I agree with the posters who recommended starting with a book on DCC. I started with the Digitrax Big Book of DCC back around 2000. Not sure if it's still available or has been updated since then, but I found it extremely helpful. Yes, Digitrax hardware is used in all the examples, but most of the content is about the basics of how DCC works, and so not manufacturer-specific.
As for shelving under the layout, make it easily removable! You can never say for certain "I'll never need to work under that section again."
Finally, I would also echo those who suggest that if you plan to use DCC at some point in the future, just start with it. It's not harder than DC, just different. Wiring for DCC is actually simpler than for DC with multiple blocks and cabs.

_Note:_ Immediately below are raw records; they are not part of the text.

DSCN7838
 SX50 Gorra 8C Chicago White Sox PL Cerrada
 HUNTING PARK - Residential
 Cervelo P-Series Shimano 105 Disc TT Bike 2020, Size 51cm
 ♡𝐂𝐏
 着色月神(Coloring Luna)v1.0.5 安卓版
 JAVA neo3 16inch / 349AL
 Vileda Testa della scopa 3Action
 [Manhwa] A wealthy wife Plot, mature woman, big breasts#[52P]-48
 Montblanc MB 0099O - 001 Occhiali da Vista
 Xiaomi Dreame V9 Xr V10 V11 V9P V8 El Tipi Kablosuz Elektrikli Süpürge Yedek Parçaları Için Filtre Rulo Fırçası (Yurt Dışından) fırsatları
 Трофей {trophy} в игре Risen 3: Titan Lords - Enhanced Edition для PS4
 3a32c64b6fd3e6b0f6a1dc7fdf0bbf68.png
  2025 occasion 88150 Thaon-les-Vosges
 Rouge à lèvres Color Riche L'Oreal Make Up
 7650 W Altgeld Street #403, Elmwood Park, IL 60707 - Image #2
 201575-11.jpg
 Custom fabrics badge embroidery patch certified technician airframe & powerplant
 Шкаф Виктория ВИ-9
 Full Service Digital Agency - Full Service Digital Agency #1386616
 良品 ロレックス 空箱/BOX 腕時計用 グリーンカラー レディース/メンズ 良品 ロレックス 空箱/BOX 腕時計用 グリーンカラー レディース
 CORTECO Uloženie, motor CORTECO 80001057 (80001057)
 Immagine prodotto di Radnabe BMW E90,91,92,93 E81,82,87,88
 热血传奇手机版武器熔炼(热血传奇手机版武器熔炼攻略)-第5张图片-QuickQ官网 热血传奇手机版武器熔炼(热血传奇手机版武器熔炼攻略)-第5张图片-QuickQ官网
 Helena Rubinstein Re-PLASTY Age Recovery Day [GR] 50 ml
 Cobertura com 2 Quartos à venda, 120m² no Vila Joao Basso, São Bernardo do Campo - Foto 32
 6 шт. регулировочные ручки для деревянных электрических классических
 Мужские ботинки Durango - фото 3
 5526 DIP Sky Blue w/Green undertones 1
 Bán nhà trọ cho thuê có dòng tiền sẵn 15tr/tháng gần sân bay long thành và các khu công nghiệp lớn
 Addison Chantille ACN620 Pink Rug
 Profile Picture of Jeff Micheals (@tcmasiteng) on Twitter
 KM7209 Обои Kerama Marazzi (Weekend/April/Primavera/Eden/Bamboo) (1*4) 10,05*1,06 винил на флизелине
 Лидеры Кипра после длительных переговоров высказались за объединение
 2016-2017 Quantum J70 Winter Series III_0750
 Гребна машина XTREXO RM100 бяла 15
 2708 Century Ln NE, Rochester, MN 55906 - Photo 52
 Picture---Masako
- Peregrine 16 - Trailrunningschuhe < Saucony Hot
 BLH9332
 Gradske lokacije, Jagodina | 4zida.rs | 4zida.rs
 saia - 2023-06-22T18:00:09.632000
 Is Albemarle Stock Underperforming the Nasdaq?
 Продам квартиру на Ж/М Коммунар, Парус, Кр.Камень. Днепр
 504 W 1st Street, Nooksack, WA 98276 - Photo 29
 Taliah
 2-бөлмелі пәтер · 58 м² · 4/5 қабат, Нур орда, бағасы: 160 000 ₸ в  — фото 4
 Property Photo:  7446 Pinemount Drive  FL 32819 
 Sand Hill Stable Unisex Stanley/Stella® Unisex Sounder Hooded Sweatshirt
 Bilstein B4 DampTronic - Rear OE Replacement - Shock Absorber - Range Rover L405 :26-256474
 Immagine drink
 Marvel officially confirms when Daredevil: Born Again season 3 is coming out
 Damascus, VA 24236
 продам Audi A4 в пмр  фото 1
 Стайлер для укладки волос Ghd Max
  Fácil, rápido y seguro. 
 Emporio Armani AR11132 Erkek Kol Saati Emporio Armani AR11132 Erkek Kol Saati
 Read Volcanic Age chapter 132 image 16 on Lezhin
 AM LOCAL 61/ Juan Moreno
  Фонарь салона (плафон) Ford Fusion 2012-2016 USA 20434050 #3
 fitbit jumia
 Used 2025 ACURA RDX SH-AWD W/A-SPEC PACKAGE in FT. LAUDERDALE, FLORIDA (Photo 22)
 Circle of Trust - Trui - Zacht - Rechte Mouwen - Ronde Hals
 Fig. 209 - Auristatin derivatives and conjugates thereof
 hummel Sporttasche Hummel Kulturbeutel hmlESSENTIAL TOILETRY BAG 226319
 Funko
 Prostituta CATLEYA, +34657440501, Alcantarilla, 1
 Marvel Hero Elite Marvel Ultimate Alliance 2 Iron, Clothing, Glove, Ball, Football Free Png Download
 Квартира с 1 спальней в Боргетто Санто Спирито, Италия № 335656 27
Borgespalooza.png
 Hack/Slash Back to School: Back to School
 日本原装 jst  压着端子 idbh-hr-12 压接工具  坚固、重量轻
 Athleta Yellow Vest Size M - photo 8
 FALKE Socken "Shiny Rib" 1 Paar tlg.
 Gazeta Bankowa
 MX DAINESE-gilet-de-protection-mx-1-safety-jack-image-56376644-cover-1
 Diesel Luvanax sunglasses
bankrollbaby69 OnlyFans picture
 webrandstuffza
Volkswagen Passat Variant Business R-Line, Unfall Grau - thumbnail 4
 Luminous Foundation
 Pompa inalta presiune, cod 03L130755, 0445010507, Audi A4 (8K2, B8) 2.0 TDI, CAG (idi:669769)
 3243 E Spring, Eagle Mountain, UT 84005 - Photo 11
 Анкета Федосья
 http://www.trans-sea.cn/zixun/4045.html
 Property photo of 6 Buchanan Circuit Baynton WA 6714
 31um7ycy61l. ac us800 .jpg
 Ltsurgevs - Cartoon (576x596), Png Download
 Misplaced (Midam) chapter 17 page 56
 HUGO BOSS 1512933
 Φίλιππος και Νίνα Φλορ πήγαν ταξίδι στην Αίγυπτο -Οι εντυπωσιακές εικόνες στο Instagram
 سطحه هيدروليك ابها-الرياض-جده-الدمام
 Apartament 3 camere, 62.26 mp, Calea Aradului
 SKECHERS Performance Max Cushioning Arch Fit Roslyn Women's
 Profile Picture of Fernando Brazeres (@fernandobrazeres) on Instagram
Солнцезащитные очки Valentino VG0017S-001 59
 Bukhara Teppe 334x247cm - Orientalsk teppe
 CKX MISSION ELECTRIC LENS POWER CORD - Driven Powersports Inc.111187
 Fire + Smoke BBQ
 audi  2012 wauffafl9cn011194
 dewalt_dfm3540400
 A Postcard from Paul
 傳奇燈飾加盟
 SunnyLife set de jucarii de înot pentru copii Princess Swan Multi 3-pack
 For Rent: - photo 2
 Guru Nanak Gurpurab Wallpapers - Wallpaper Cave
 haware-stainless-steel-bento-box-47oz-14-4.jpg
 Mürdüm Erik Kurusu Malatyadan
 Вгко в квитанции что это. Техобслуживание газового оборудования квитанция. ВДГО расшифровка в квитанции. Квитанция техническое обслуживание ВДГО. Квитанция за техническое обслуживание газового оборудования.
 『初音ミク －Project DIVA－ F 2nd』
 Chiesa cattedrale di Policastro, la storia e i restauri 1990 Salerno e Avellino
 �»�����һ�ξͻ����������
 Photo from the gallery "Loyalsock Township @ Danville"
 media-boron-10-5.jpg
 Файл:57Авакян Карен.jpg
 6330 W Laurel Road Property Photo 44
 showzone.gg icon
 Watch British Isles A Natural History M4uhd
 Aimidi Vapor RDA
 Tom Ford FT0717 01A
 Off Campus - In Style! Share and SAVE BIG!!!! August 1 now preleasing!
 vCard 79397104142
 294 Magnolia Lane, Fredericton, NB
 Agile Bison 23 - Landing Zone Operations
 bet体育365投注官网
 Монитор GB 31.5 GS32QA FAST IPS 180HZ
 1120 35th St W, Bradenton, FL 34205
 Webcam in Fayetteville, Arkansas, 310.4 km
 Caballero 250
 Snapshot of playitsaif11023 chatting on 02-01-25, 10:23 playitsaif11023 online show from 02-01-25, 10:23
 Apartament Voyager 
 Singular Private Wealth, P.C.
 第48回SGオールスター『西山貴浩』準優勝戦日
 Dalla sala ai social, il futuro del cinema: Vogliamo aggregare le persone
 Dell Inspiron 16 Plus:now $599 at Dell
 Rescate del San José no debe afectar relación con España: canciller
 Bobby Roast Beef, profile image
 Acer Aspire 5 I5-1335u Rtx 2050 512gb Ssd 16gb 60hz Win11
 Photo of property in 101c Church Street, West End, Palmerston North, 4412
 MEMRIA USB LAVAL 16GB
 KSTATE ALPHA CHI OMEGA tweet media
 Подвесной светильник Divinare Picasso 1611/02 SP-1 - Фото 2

It's somewhat of a misconception that DCC requires lots of feeders and DC doesn't. Assuming everything else is equal (same size layout - not comparing a DC 4x8 to a 20x30 basement filling DCC layout here), you get the same amount of voltage drop in long feeder runs or long stretches of track withotu feeders in DC as you do in DCC. The difference is, you are at a lower starting voltage when running the DC loco, unless you liek runnign at race car speeds, and a slight slowing is not as noticeable. Build a 4x8 or larger layout with sectional track and do not solder the rail joiners and connect just 2 wires to the rails and try running it with a DC power pack - the trains WILL slow down. The drop can also be greater with DCC becase some spot far from any feeders could have 3, 4, or more locos runnign on it - and the voltage drop is proportional to the current draw. Just oen loco, DC or DCC, may not show any issues, but once you have multiple locos running at the end of the same power feed path with DCC, suddenly they all run slow.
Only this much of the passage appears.